Member of the National Assembly
- In office 26 April 2004 – 7 June 2004

Personal details
- Born: Daniel Ntjammu Habedi 22 March 1952 (age 74) Alexandra, Transvaal Union of South Africa
- Citizenship: South Africa
- Party: Azanian People's Organisation

= Dan Habedi =

South African politician

Daniel Ntjammu Habedi (born 22 March 1952) is a South African politician and former anti-apartheid activist. He is a former secretary-general of the Azanian People's Organisation and represented the party in the National Assembly from April to June 2004; his tenure was cut short by the Electoral Court's finding that the seat had been allocated to the wrong party.

During apartheid, Habedi was a teacher in Soweto and an activist in the Black Consciousness movement.

== Early life and activism ==
Habedi was born on 22 March 1952 in Alexandra, a township outside Johannesburg in the former Transvaal. He was one of seven siblings and his father, Herman Habedi, was a labourer. Before matriculating in Pretoria in 1970, Habedi attended school in Hammanskraal, where he became interested in anti-apartheid politics after hearing speeches by Black Consciousness leaders, Steve Biko and Barney Pityana among them. He qualified as a teacher at Hebron College in Pretoria in 1972, and he later completed a bachelor's degree in psychology and sociology at the University of South Africa in 1984.

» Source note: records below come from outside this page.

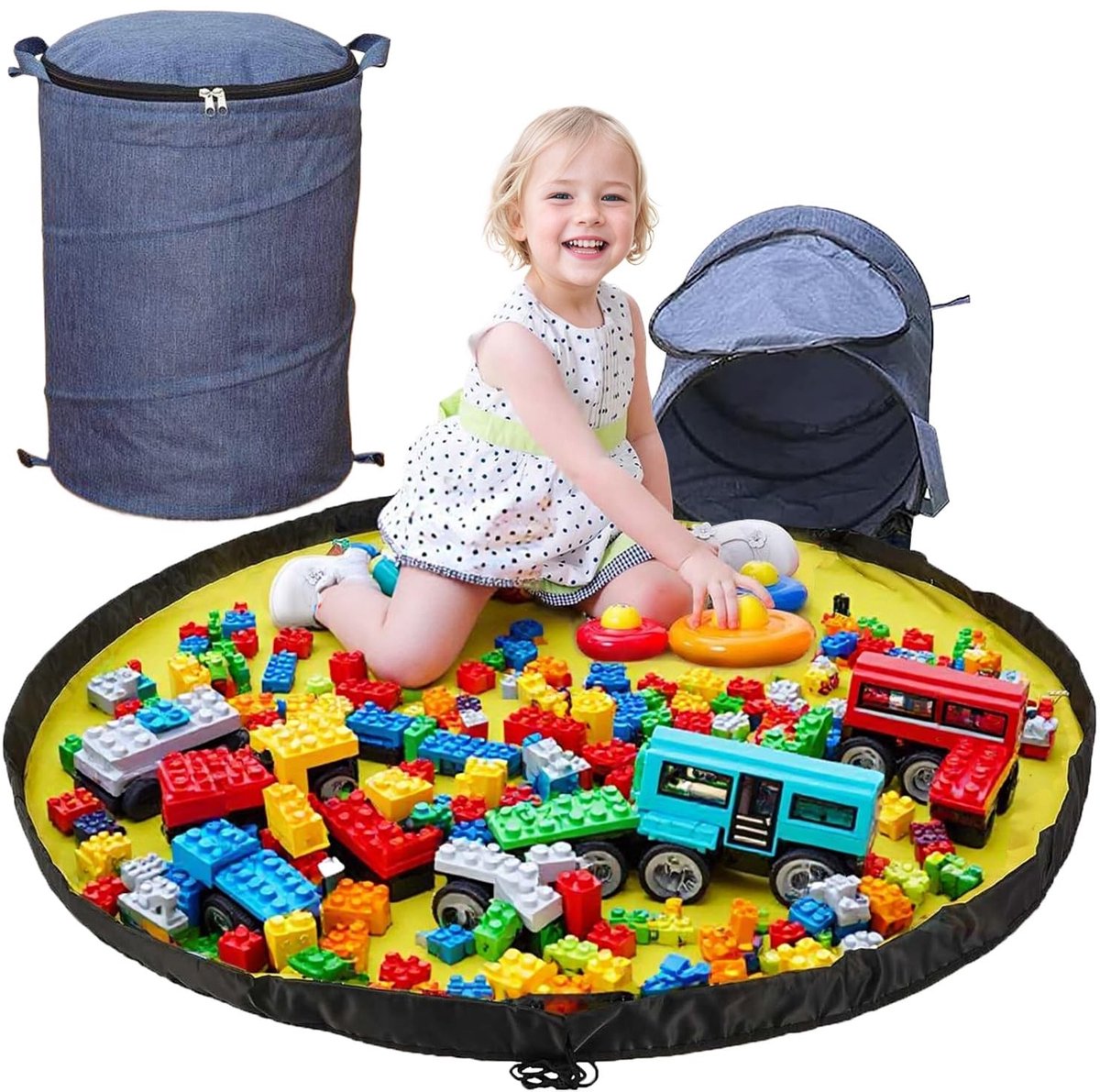Omgoods - Opbergmand met Speelmat - Grote Toy Storage Basket in Blauw
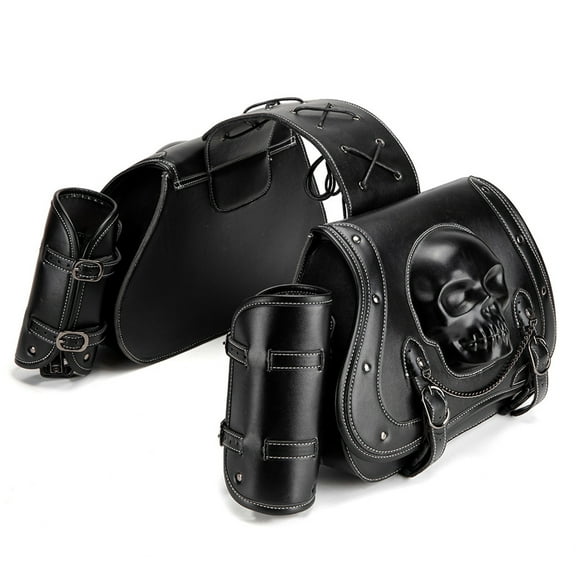 PU Leather Motorcycle Saddlebags Waterproof Side Bag Large Capacity Saddlebags Stylish Motorcycle Storage for Bike
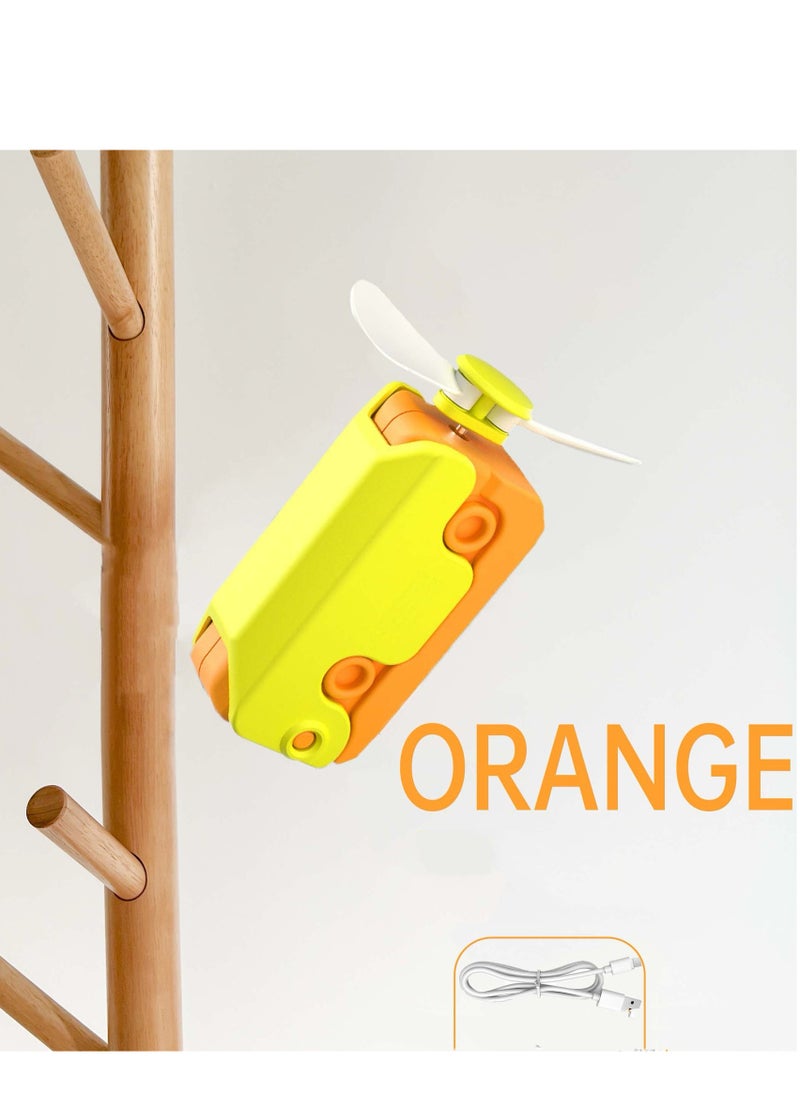 OUYoo 2 in1 Portable Mini Handheld Fan Fidget Toy, USB Rechargeable Cute Fans And Fidget Toy, Cool Radish Knife Small Fan for Outdoor Office  - Image 2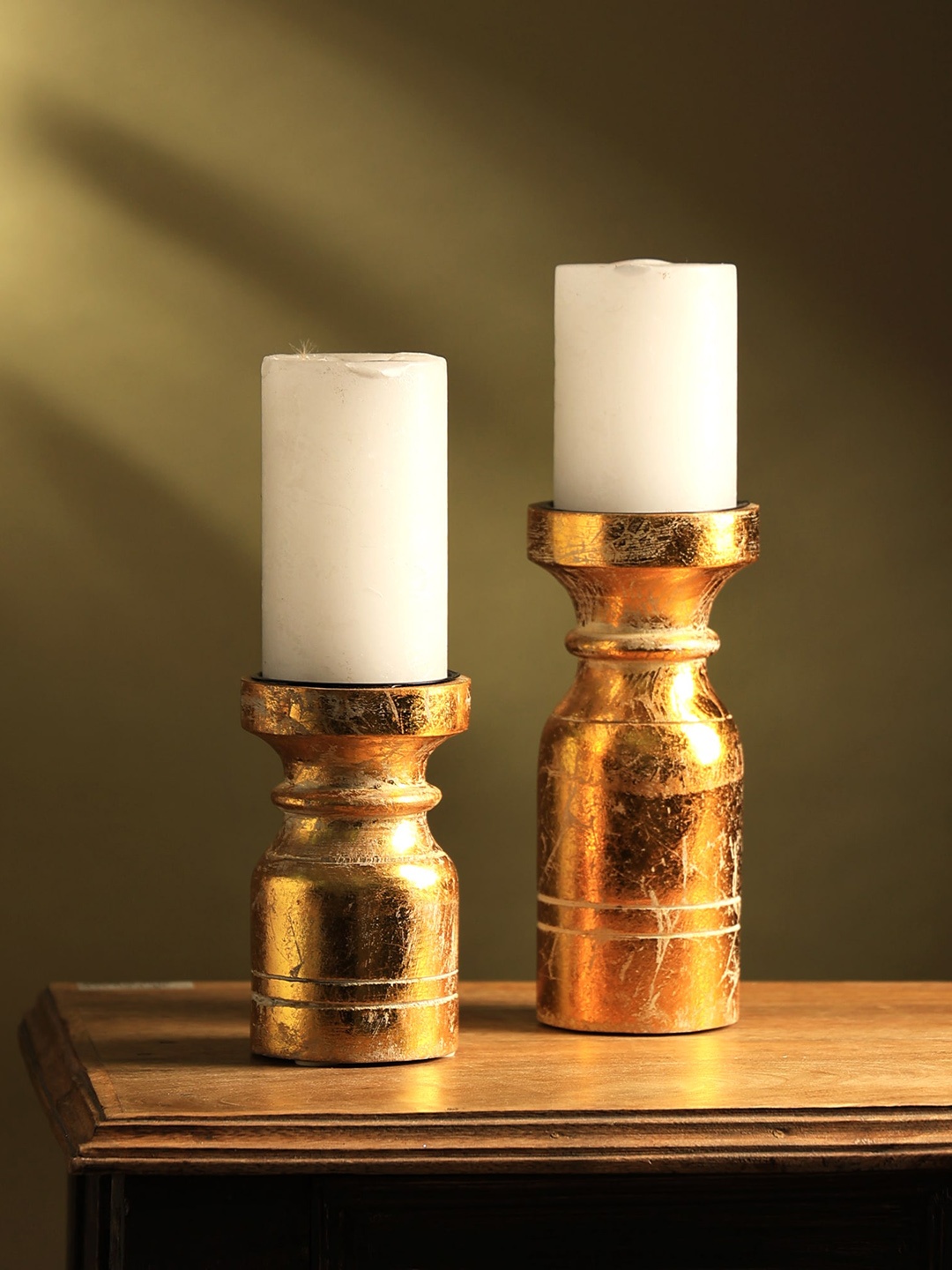 

Designer Library 2-Pcs Brown Wooden Candle Holders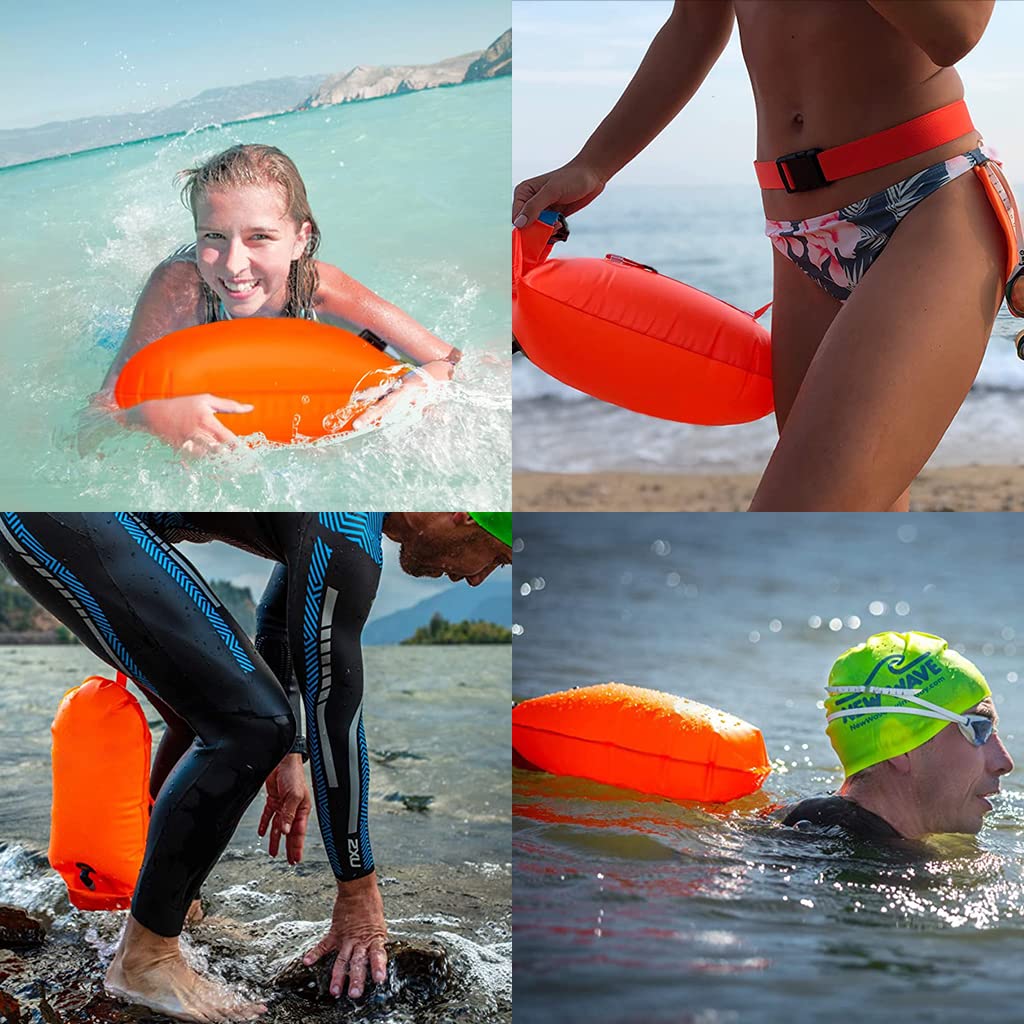 Optifit® Swim Buoy with Adjustable Belt for Open Water Swimmers, TPU Floating Air Bag for Triathletes Kayakers Snorkelers, Waterproof Dual Air Storage Bag and Drybag for Safer Swim Training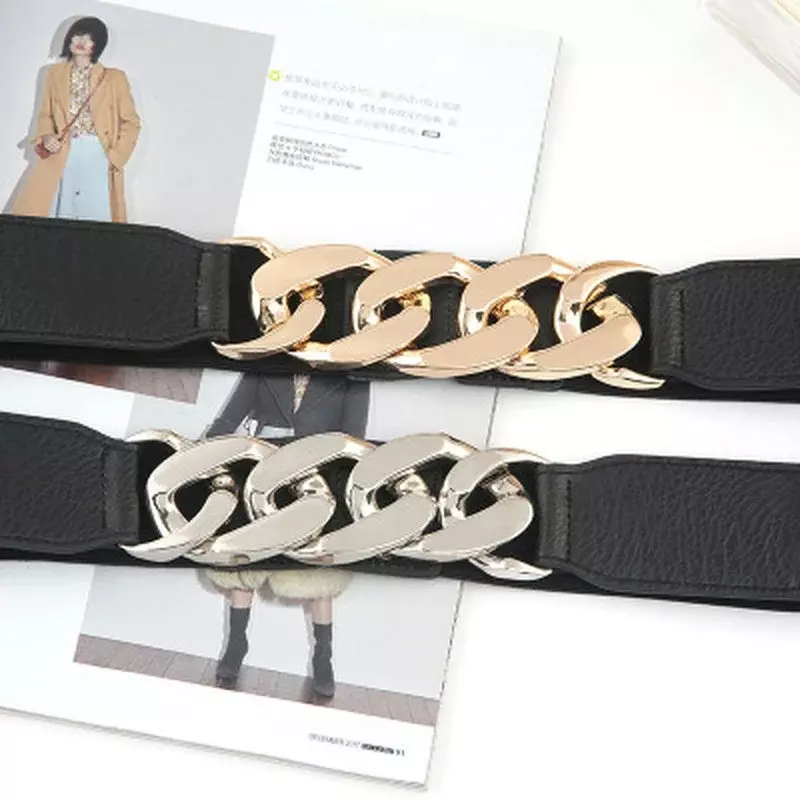 Fashionable Personality Chain Womens Elastic Metal Belt Womens Coat Dress Belt Luxury Gift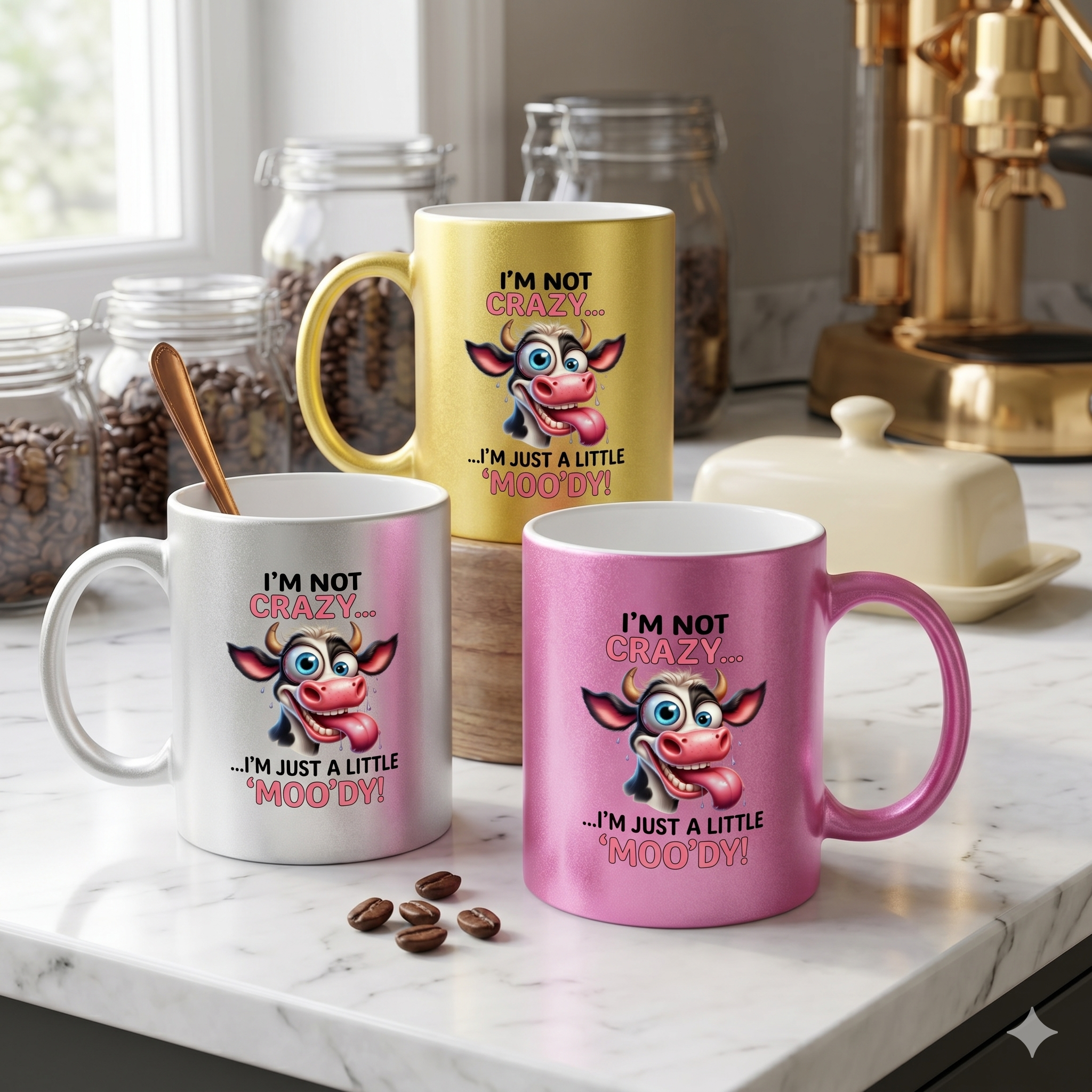 I'm Not Crazy I'm Just A Little Moo'dy - Cow 11oz Metallic Mug - Funny Cow Mug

While enrolled at Hebron College, Habedi joined the Black People's Convention (BPC), a Black Consciousness organisation. He remained active in the BPC while holding his first teaching post at Mabopane. In early 1975, while attending the SASO/BPC trial as a spectator, he was detained under the Terrorism Act and detained for two weeks at Pretoria Central Prison. Shortly afterwards, he was dismissed from his teaching post for insubordination. After that, he moved to Lofentse Secondary School in Orlando, Soweto. His tenure there coincided with the 1976 Soweto uprising, and he was a member of the Soweto Teachers' Action Committee, formed in solidarity with the uprising's student activists. In 1977, Habedi and other members of the action committee resigned from their teaching jobs.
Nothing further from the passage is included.